Exploring Yandex Search Ranking Factors with Leaked Insights

January 31, 2023

The search marketing community is trying to make sense of the leaked Yandex repository containing files listing what looks like search ranking factors. Ryan Jones (@RyanJones) believes that this leak is a big deal and has already loaded up some of the Yandex machine learning models onto his own machine for testing. Although some may be looking for actionable SEO clues, the general agreement is that it will be helpful more for gaining a general understanding of how search engines work (@RyanJones, January 29, 2023). As Ryan said "[If] you want hacks or shortcuts those aren’t here. But if you want to understand more about how a search engine works, there’s gold."

Ryan believes that we can learn a lot from examining the leaked list of Yandex Ranking Factors, however examining this list alone is not enough. He explains that while Yandex is not Google, it does use many of Google’s invented tech like PageRank and BERT. He also states that the factors and weights applied to them will likely vary across search engines, but the computer science methods used to analyze text relevance will be very similar. Additionally, he notes that there are more ranking factors calculated in the code than what have been listed in the leaked lists floating around, with some negative weights being assigned to factors which SEOs may assume are positive or vice versa. Link: https://www.seobility.net/en/blog/yandex-ranking-factors/

It's widely believed that Yandex uses 1,923 ranking factors for its search engine. However, Christoph Cemper (LinkedIn profile), founder of Link Research Tools, has heard from friends that there are many more ranking factors than initially thought. According to these sources, Yandex employs 275 personalization factors, 220 “web freshness” factors, 3186 image search factors, and 2,314 video search factors. Surprisingly enough, the search engine also utilizes hundreds of link-related ranking factors as well. This indicates that there are far more than the 200+ ranking signals Google originally claimed to employ in its SERPs.

Recent data leaks of Google's search engine algorithm have raised questions about who really knows the entire algorithm. It is astounding how organized the ranking factors were when they were leaked and many are now questioning if there is a comprehensive spreadsheet at Google that contains all the ranking factors.

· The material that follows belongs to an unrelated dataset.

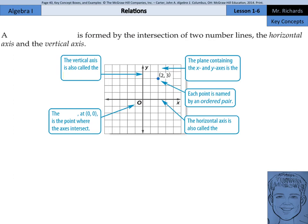As we start off with some key concepts, we're going to say that a coordinate system is formed by the intersection of two number lines, the horizontal axis and the vertical axis. The vertical axis, this one right here, is also called the y-axis. The horizontal axis, this one, is called the x-axis.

Christoph Cemper, an SEO expert, commented on this topic to Search Engine Journal saying that it "always seemed absurd" to him that not even Google employees would know the entire algorithm. He goes on to say that such a complex system needs to be documented and even code could be leaked. So maybe this data leak will help move away from thinking of Google’s algorithm in its current terms.

Recently leaked Yandex files have provided an opportunity to view part of how a search engine (Yandex) ranks search results, though the data doesn't show how Google works. Among the insights that have been revealed are related to the Yandex neural network called MatrixNet, introduced in 2009 via an archive.org link to announcement. It is important to note that contrary to some claims, MatrixNet is not equivalent to Google’s RankBrain – Google's limited algorithm focused on understanding the 15% of search queries that it has not yet seen before. In October 2015, Bloomberg released an article (Archive.org snapshot) that revealed the introduction of RankBrain to Google’s algorithm that year, six years after the introduction of Yandex MatrixNet. According to the article, RankBrain is limited in purpose and is designed to guess at words and phrases similar in meaning to queries it isn't familiar with in order to effectively handle never before seen search queries. In contrast, MatrixNet is a machine learning algorithm that classifies a search query and applies appropriate ranking algorithms accordingly. A 2016 English language announcement (here) further detailed how this algorithm works in modern day web searching on Google's platform.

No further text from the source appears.